This sort of thing is exactly why you push updates to groups in stages, not to everything all at once.

[–] [email protected] 77 points 4 months ago (2 children)

Looks like the laptops are able to be recovered with a bit of finagling, so fortunately they haven't bricked everything.

And yeah staged updates or even just... some testing? Not sure how this one slipped through.

[–] [email protected] 130 points 4 months ago (1 children)

Not sure how this one slipped through.

I'd bet my ass this was caused by terrible practices brought on by suits demanding more "efficient" releases.

"Why do we do so much testing before releases? Have we ever had any problems before? We're wasting so much time that I might not even be able to buy another yacht this year"

[–] [email protected] 25 points 4 months ago (1 children)

At least nothing like this happens in the airline industry

[–] [email protected] 42 points 4 months ago

Certainly not! Or other industries for that matter.
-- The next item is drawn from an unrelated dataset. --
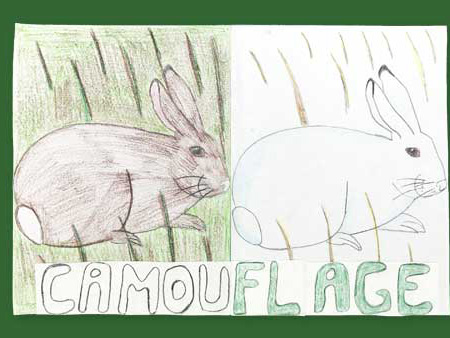 Seasonal Camouflage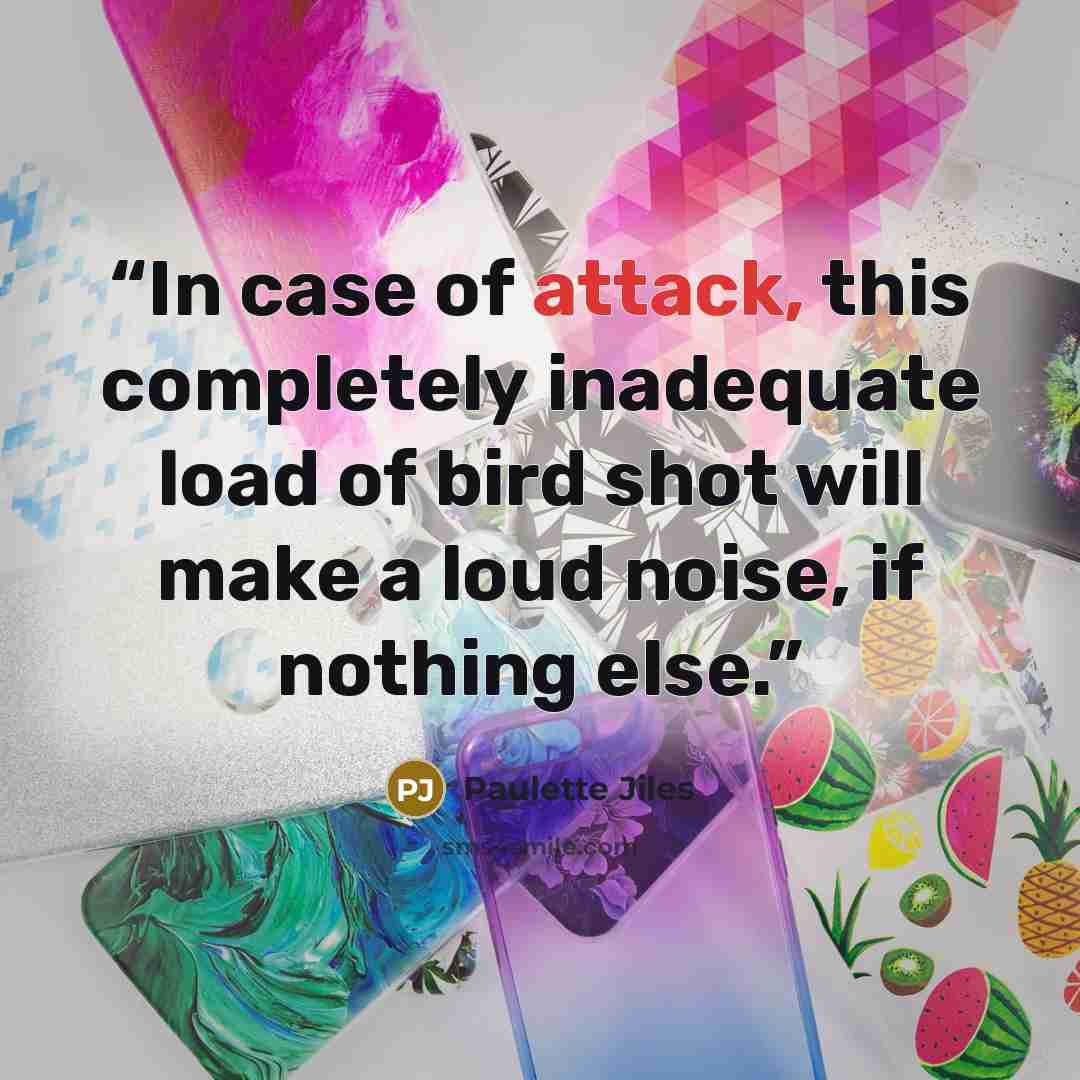 “In case of attack, this completely inadequate load of bird shot will make a loud noise, if nothing else.” quote by Paulette Jiles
It's a good thing executives everywhere aren't just concentrating on squeezing the maximum amount of money out of their companies and funneling it to themselves and their buddies on the board.

Sure, let's "rightsize" the company by firing 20% of our workforce (but not management!) and raise prices 30%, and demand that the remaining employees maintain productivity at the level it used to be before we fucked things up. Oh and no raises for the plebs, we can't afford it. Maybe a pizza party? One slice per employee though.

[–] [email protected] 3 points 4 months ago

One of my coworkers, while waiting on hold for 3+ hours with our company’s outsourced helpdesk, noticed after booting into safe mode that the Crowdstrike update had triggered a snapshot that she was able to roll back to and get back on her laptop. So at least that’s a potential solution.

[–] [email protected] 48 points 4 months ago (2 children)

Agreed, this will probably kill them over the next few years unless they can really magic up something.

They probably don't get sued - their contracts will have indemnity clauses against exactly this kind of thing, so unless they seriously misrepresented what their product does, this probably isn't a contract breach.

If you are running crowdstrike, it's probably because you have some regulatory obligations and an auditor to appease - you aren't going to be able to just turn it off overnight, but I'm sure there are going to be some pretty awkward meetings when it comes to contract renewals in the next year, and I can't imagine them seeing much growth

[–] [email protected] 22 points 4 months ago (2 children)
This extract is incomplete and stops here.